As the amount of data being generated from the IoT systems is very large, it will be unwise to send the whole of the data to the cloud. This is so because it will consume a lot of network bandwidth and other resources on the cloud. It is thus desirable to have some sort of preprocessing on the data at this stage so that only the needed data should be sent to the cloud for further processing. It will thus reduce the amount of data to be sent to the cloud, reducing the network bandwidth usage as well as the other resources on the cloud.
Security is another concern. If we have to send the whole data to the cloud, then the kind of security needed to protect the data will be very complex. So, it is always a good practice to have some powerful systems at the edge level to do some processing on the data, perform some sort of analysis and send only the data that needs further processing or which is required to be shared with others.
For example, as in the pump case, we can collect, convert and analyze data (e.g. vibration data) and send only the results/projections such as the device getting failed or in need of maintenance to the higher level.
Let’s consider another scenario. Suppose we have the machine maintenance data available with us. If we apply some sort of machine learning algorithm at this edge level and identify that some abnormalities are present that predict the approaching maintenance problems. Now this insight calls for immediate attention.
Here, we can use the visualisation systems to present that insight in a more meaningful way using graphs and dashboards which are easy to understand. This will help us in taking immediate action and prevent any further damage.
Thus, having an edge IT system help us in many ways.
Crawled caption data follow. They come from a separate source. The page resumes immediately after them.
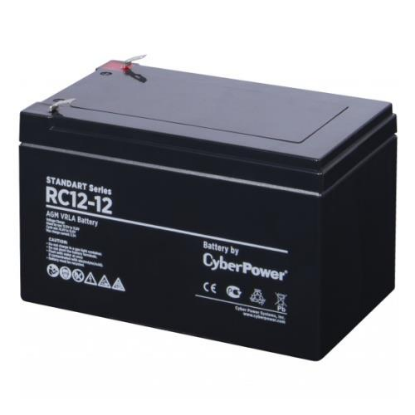 Изображение Аккумулятор для ИБП CyberPower RC 12-12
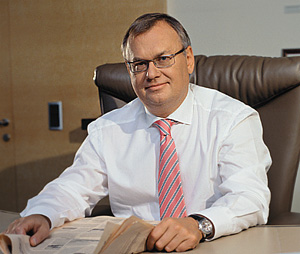 Россия становится заметным игроком в АТР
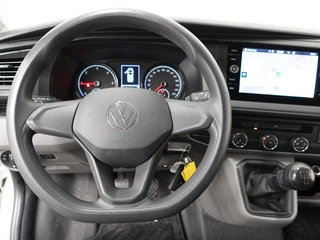 Volkswagen Transporter Volkswagen Transporter 2.0 TDI L2H1 102pk Airco Cruisecontrol Navigatie Apple Carplay parkeersensoren - afbeelding nr 12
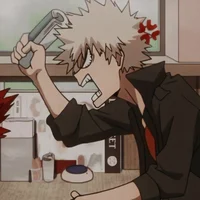Katsuki Bakugou 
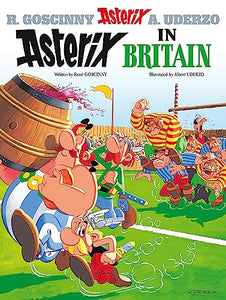 Asterix: Asterix in Britain 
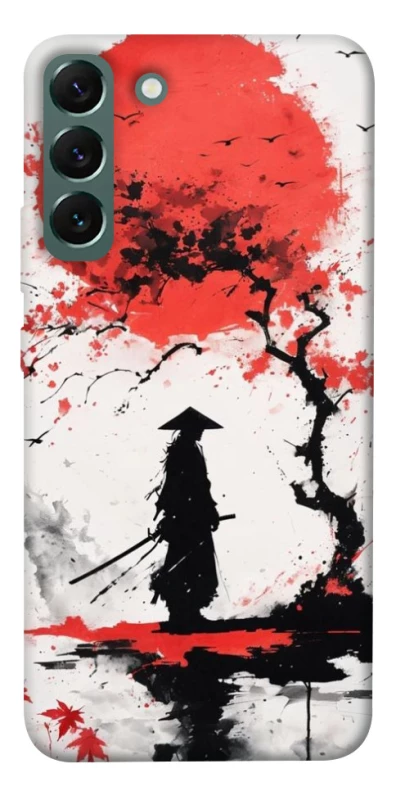 Чохол на Samsung Galaxy S22+ Дух Японії фото 1 з 1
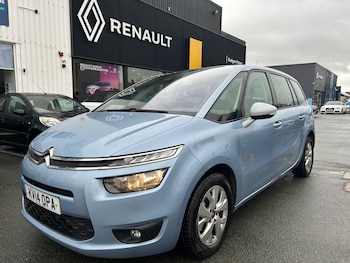 Used Citroen C4 Grand Picasso 2014 for sale - 77371113: Photo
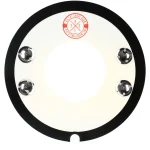 Big Fat Snare Drum Snare-Bourine-Donut Snare Topper - 14-inch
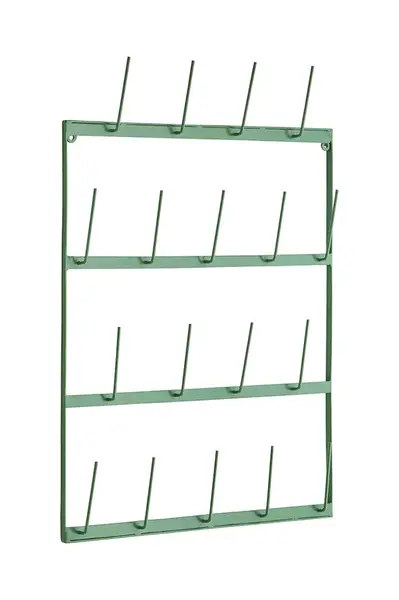 Organizér na hrnky Madam Stoltz 40 x 7 x 62 cm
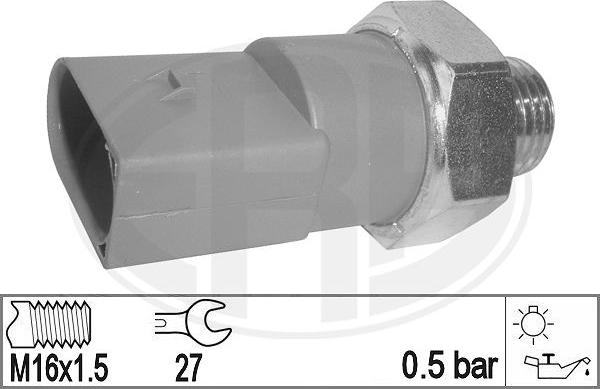 ERA 330910 - Sender Unit, oil pressure car-mod.net
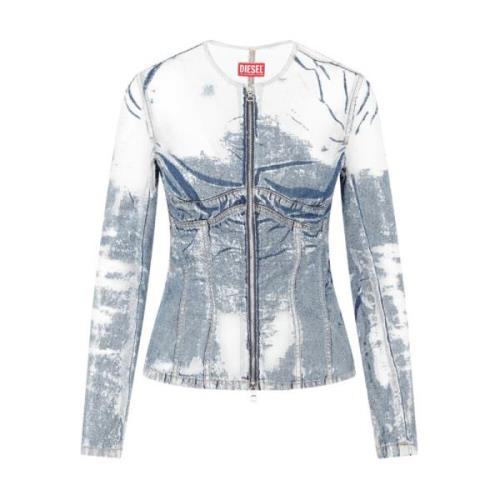 De-Milly Denim Jakke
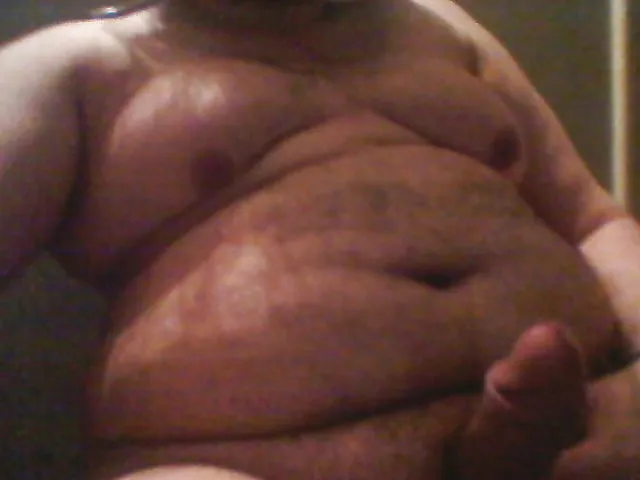 chubby and shy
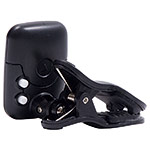 Eno ET-05SV Clip-On Digital Tuner - Black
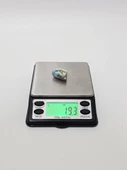 Doğal İran Nişabur Firuze (Turkuaz) Taşı 19,2 Karat - 3 Gram thumbnail 7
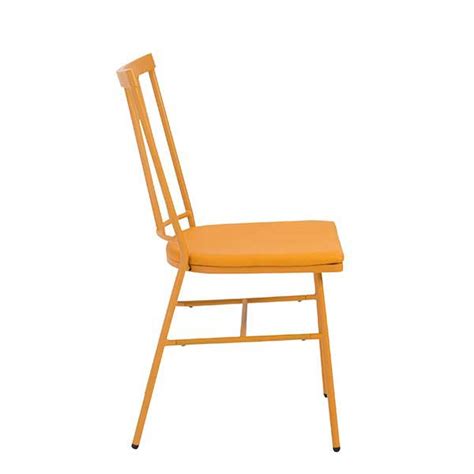 Modern Side Chair White Estyle 100 Modern Chairs
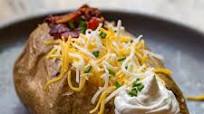 Smoked Loaded Baked Potatoes Smoked Loaded Baked Potatoes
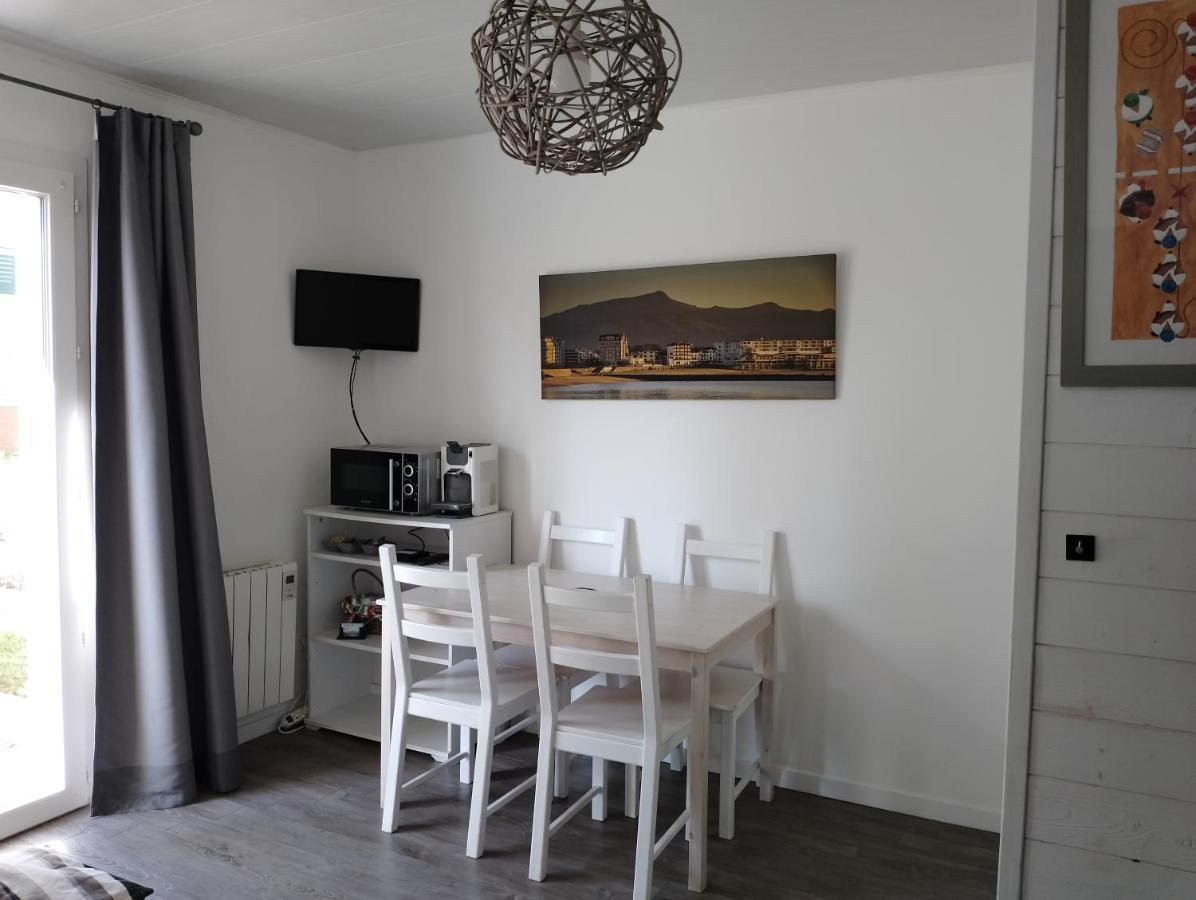 Sagardi Zolan Otel Saint-Jean-de-Luz Dış mekan fotoğraf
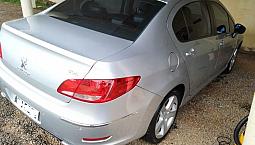 Peugeot 408 Allure 2.0 Prata Aut. 2014, Completo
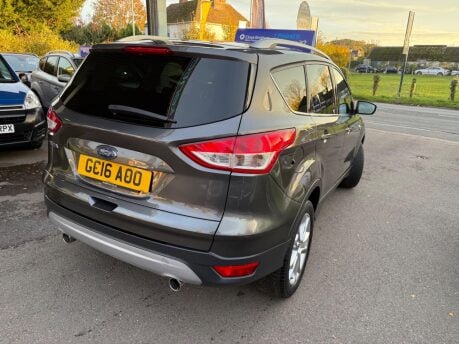 Ford Kuga 2.0 TDCi Titanium 2WD Euro 6 (s/s) 5dr 13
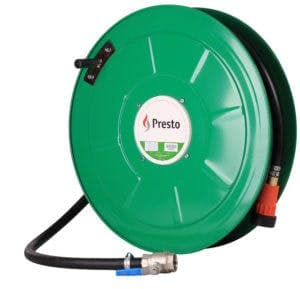 Slangrulle Typ 10 - För spolning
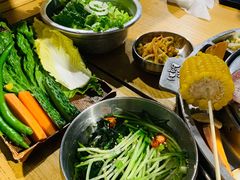 海带汤-姜虎东白丁烤肉(恒隆广场店)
Stage 4: Cloud/Data Center
The data is sent from gateway/edge IT to the Cloud/Data Center for further storage and processing. Here, we apply the various algorithms and models for further processing of the received data. At the cloud level, we have more powerful systems that can store the data at a large scale as well as perform analysis on the large data.
We can thus obtain a deeper insight into the given data and are in a position to make better decisions. Further, we can manage the data effectively and provide security to the data.
It may take some time to get the insight from this stage; however, the results obtained have more meaningful information and deeper insight.